## Problem requirements
Lines containing the word "after" are to be copied from the data below.

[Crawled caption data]
────────

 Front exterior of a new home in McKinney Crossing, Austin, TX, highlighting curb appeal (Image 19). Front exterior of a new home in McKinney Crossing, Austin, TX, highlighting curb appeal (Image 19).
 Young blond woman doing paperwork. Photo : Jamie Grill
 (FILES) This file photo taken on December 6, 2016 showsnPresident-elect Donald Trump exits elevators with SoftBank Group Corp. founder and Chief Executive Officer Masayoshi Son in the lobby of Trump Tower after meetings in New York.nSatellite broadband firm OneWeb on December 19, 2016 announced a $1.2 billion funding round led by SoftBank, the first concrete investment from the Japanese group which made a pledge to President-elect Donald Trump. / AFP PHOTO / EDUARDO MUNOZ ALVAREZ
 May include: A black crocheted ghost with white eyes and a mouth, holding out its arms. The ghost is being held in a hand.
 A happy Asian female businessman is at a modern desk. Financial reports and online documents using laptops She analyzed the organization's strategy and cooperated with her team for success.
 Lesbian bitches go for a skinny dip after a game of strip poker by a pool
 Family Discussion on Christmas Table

────────

## Completed task
 (FILES) This file photo taken on December 6, 2016 showsnPresident-elect Donald Trump exits elevators with SoftBank Group Corp. founder and Chief Executive Officer Masayoshi Son in the lobby of Trump Tower after meetings in New York.nSatellite broadband firm OneWeb on December 19, 2016 announced a $1.2 billion funding round led by SoftBank, the first concrete investment from the Japanese group which made a pledge to President-elect Donald Trump. / AFP PHOTO / EDUARDO MUNOZ ALVAREZ
 Lesbian bitches go for a skinny dip after a game of strip poker by a pool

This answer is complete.